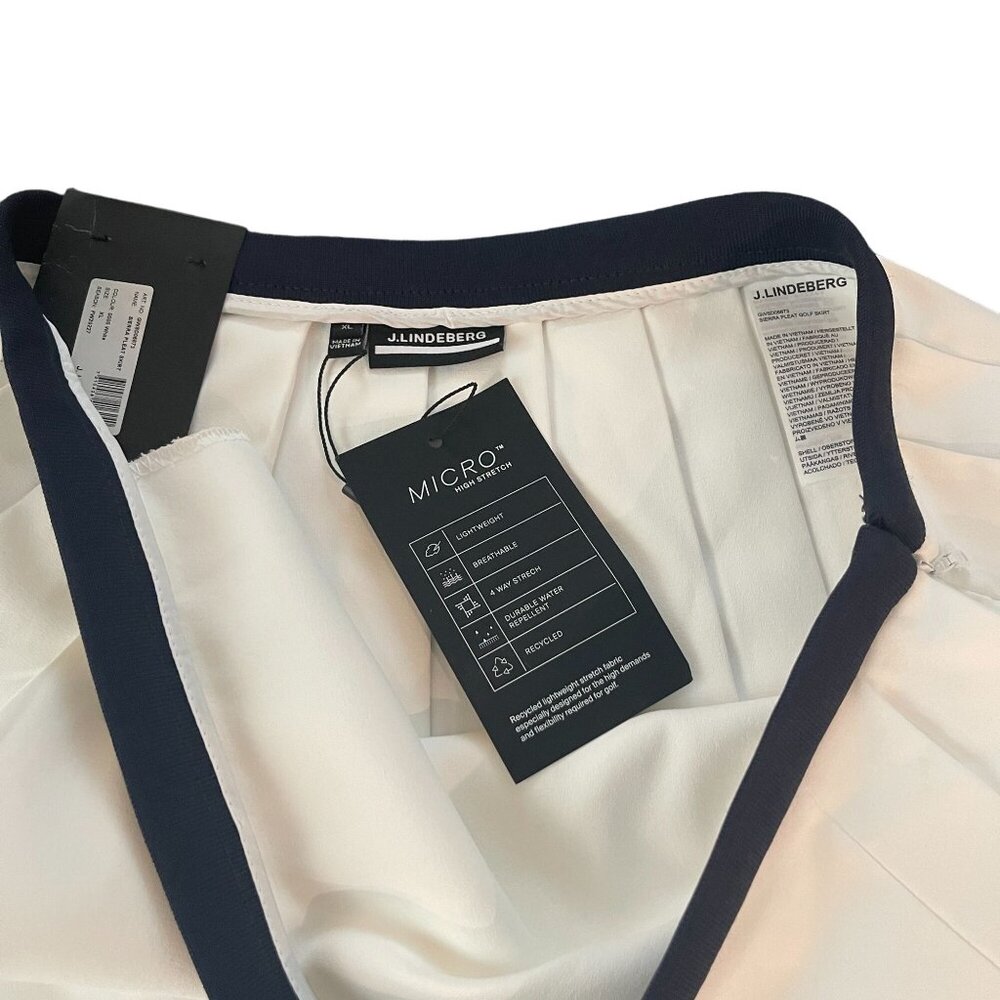 J.Lindeberg Women's Sierra Pleat Golf/Tennis Skirt White/Navy, Size XL NWT - Picture 5 of 9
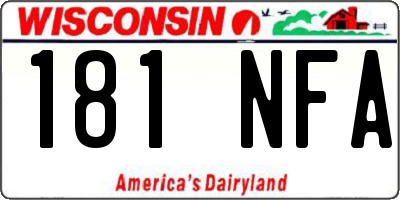 WI license plate 181NFA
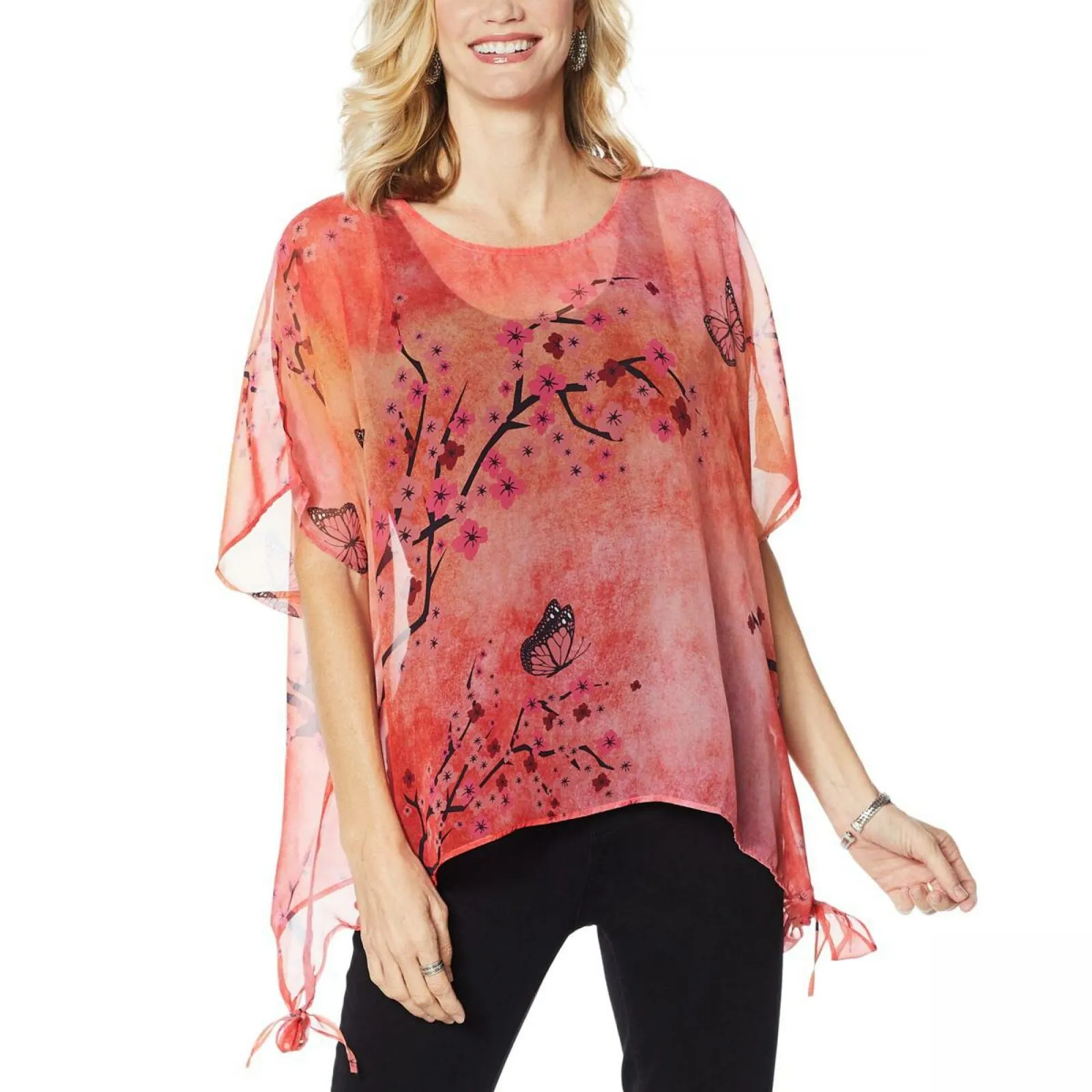 Colleen Lopez Women's Printed Poncho Top Coral Cherry Blossom Large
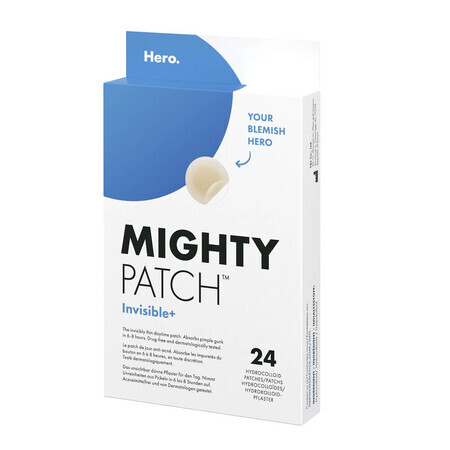 Mighty Patch Invisible patchs hydrocolloïdaux contre l'acné, 24 pièces, Hero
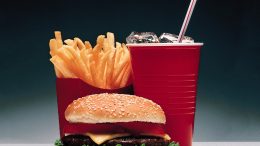 Fast Food Burger Fries Drink Combo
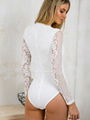 White Long Sleeve Sexy  Lace Bodysuit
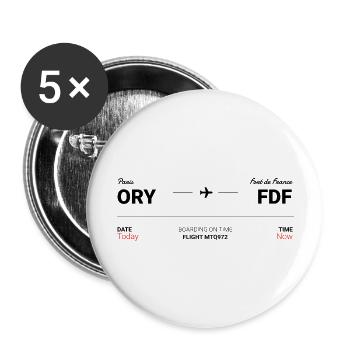 Paris - Fort de France - Lot de 5 grands badges (56 mm) - blanc - Devant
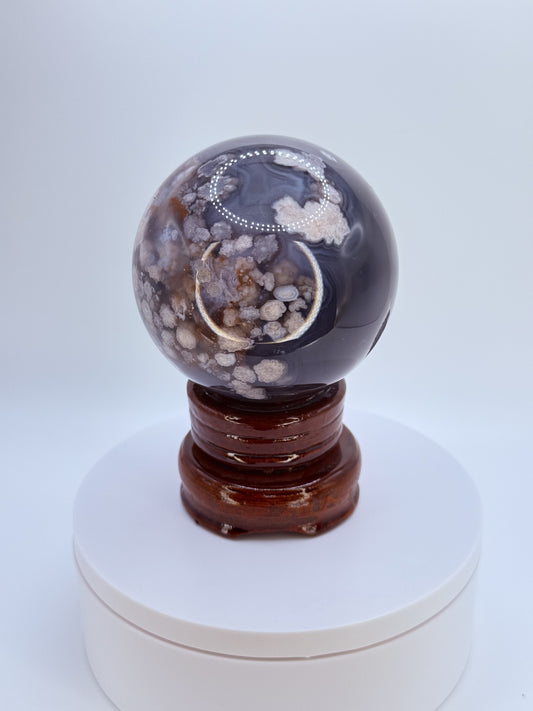 Black Flower Agate Sphere – Stone of Growth, Balance & Transformation | Handpicked Crystal Ball for Strength, Protection & Inner Peace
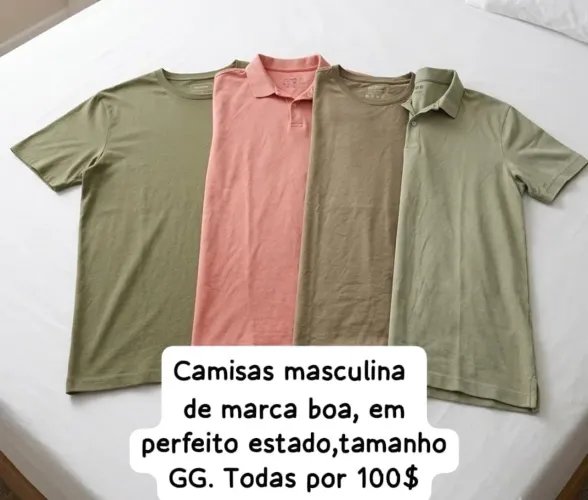 Kit com 4 camisas masculina tamanho GG, todas por 100$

→ THE PROBLEM:
Each line above is to be copied exactly, and the pictures are to be dropped.

→ SOLUTION TO THE EXERCISE:
 J.Lindeberg Women's Sierra Pleat Golf/Tennis Skirt White/Navy, Size XL NWT - Picture 5 of 9
 WI license plate 181NFA
 Colleen Lopez Women's Printed Poncho Top Coral Cherry Blossom Large
 Mighty Patch Invisible patchs hydrocolloïdaux contre l'acné, 24 pièces, Hero
 Fast Food Burger Fries Drink Combo
 White Long Sleeve Sexy  Lace Bodysuit
 Paris - Fort de France - Lot de 5 grands badges (56 mm) - blanc - Devant
 Black Flower Agate Sphere – Stone of Growth, Balance & Transformation | Handpicked Crystal Ball for Strength, Protection & Inner Peace
 Kit com 4 camisas masculina tamanho GG, todas por 100$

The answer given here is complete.